I’m glad that the final chapter, “Discourse Analysis” was added to the second edition. I was fortunate to have teachers who got me started in this areas, though the field has developed some since I was a student. My personal observation is that the thing that prevents people from doing more discourse analysis is that it seems to be too much work. Unfortunately, you can’t reap the benefits until you have done all that work, so you don’t realize what the rewards are.
Well, follow Dave through Philippians. See how discourse analysis can shed light on many pesky questions regarding that letter. You can agree or disagree on details, but you will be much better prepared to understand any particular verse.
May I also appeal to students at this point to learn how to do this for yourself. Don’t just depend on someone else who has done the work. It is absolutely helpful and a good idea to look at what others have done. But too many people get the meaning of the Bible from the outlines, headings, and notes provided in their study Bibles. You may come to the conclusion that the book is structured precisely as it was in the outline provided. But once you’ve done the work to determine that, I think you’ll feel that the time spent was truly worth it.
This book requires some knowledge of Greek. Dave mentions advanced students. To some extent he is right. I’d suggest it after you have a good facility with the language. I would also recommend that teachers study it so as to get an idea of how to present this material to students. Many of these concepts can be presented earlier in class, preparing the ground for more serious study later.

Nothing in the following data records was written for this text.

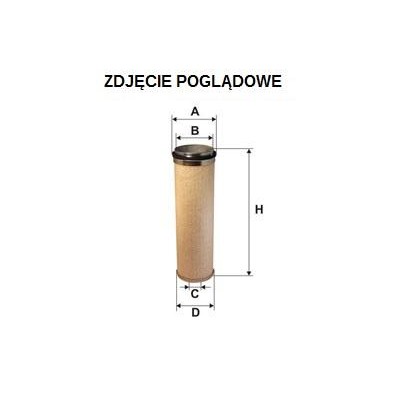 Filtr powietrza wewnętrzny/bezpiecznik 46560 | Exvi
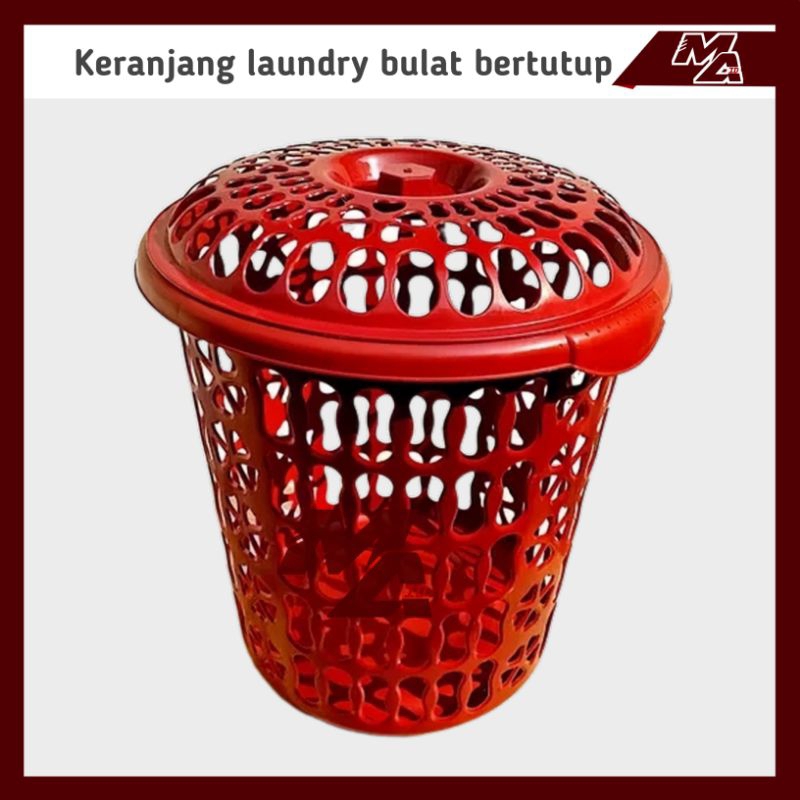 Keranjang Baju Kotor / Keranjang Plastik / Krranjang Laundry Bulat Warna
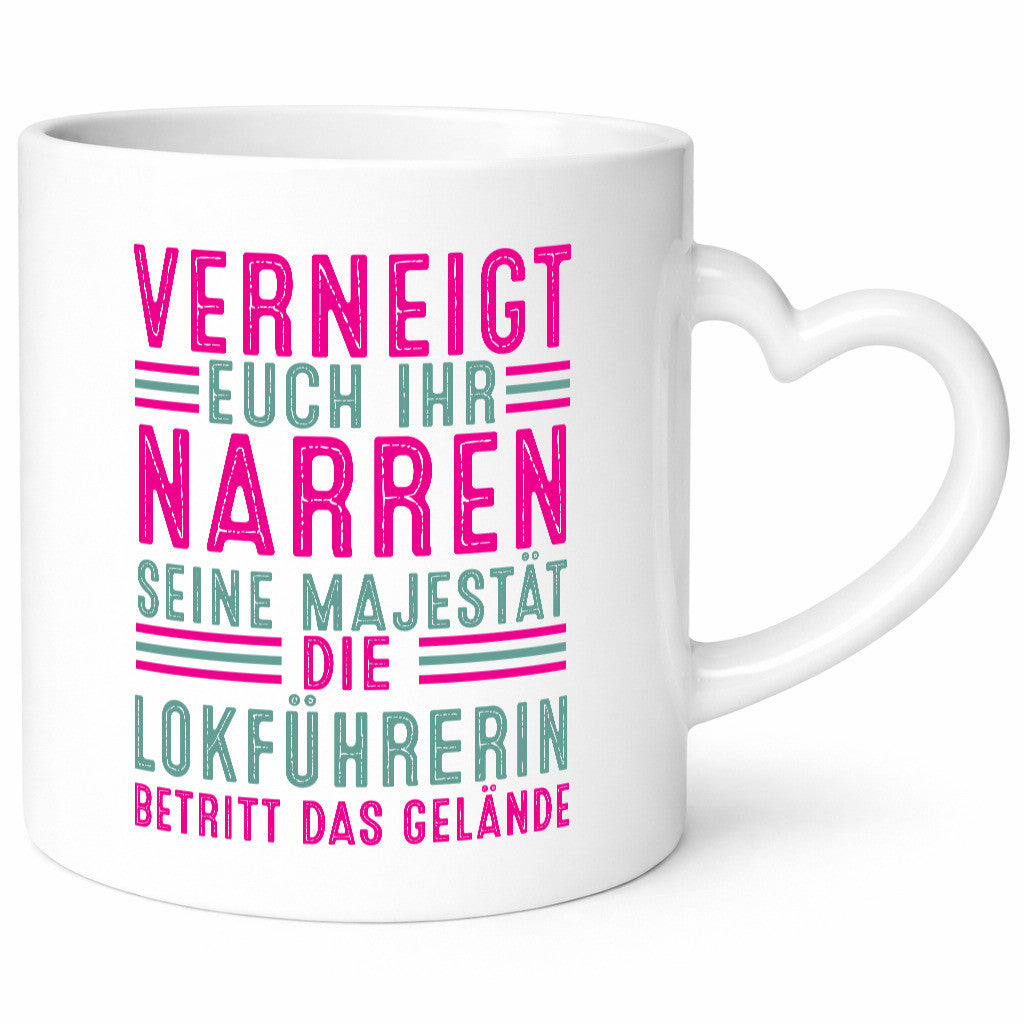 Verneigt euch: Lokführerin | Zug Beruf lustig Arbeit Kollegen Büro Geschenk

In other words, I think this is an excellent book. I would rate it 5 stars, and I believe it can be useful to a broader audience than the one intended by the author, because there is always value in a book that applies important concepts to actual problems.

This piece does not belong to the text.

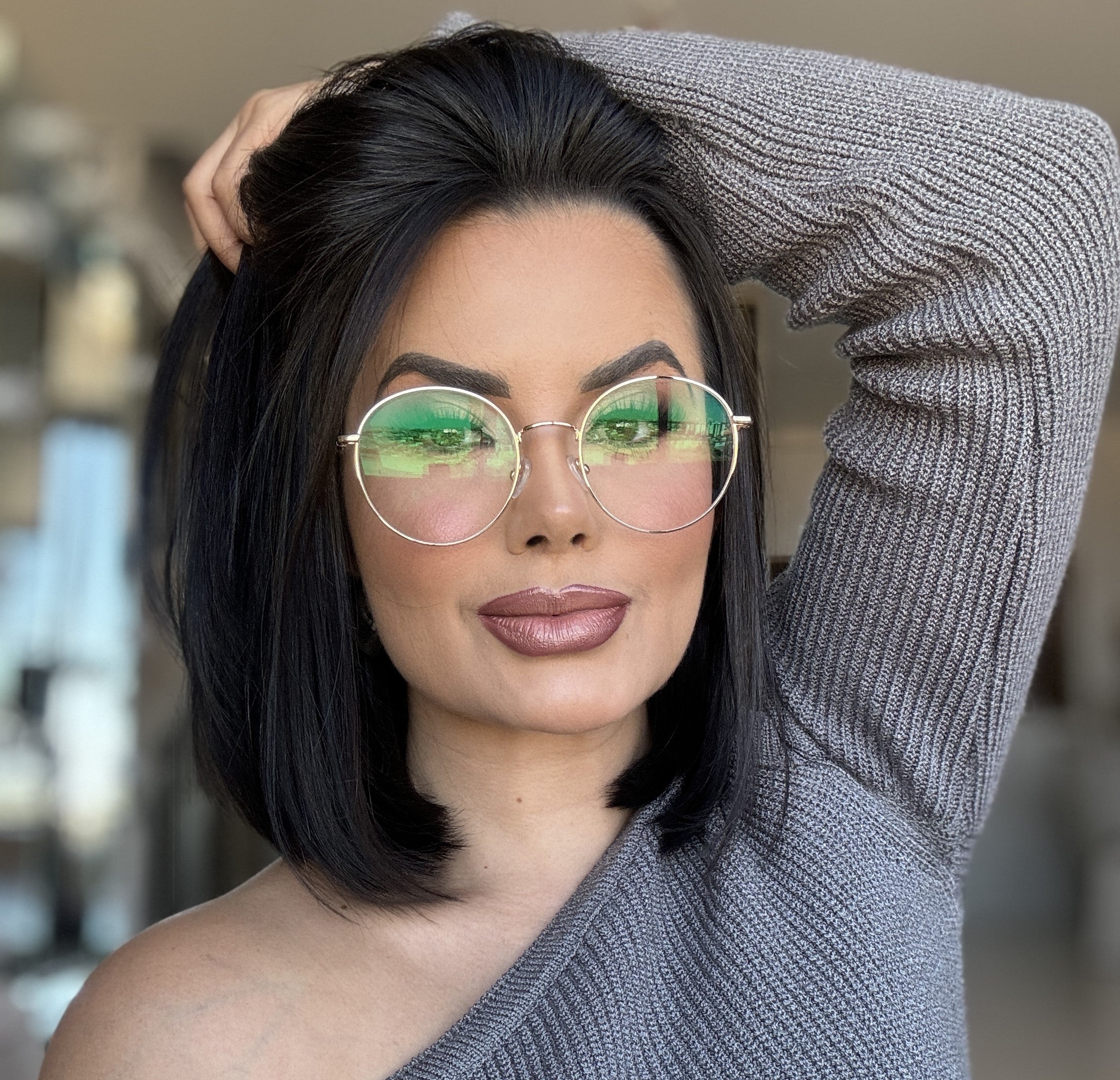 oculos geometrico rosto redondo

1. Do I have any business making these kinds of criticisms? After all, I’m a publisher with just an MA degree. Quite true. Yet I’d say one should question my knowledge more when I set out to talk about theology than about languages. My undergraduate degree was in biblical languages, including four years of Greek and three of Hebrew (actually I bypassed first year Hebrew through personal study). I also took a class in textual criticism at the undergraduate level, along with a minor in French. That minor language, along with growing up overseas (four years in Mexico as a child) gave me a different perspective on language as well. We sometimes get a distorted view of Greek and Hebrew because we’re trying to make them fit a preconceived agenda. Studying a language without that religious baggage can be a big help. I often refer to Max Knight’s translation of Christian Morgenstern’s Galgenlieder as an excellent example of the difficulties of translation, expertly overcome. Incidentally, I received a copy of those poems from my undergraduate German teacher, who knew my interest in translation and wanted me to learn from them. I am eternally grateful to him.
I followed this with an MA in religion, again concentrating in biblical and cognate languages. So unlike many seminarians, I came to my MA ready to make use of the expertise of professors rather than needing to work on the basics, and I also spent all my time on the languages. At the same time, I spent hardly any time on issues of theology, and none at all on things like church administration, church history (I completed a church history requirement by taking patristic Latin!), counseling, homiletics, and so forth.
Then I took one quarter in another master’s program in linguistics one I did not complete for a number of reasons. Since then I have continued my reading in this area.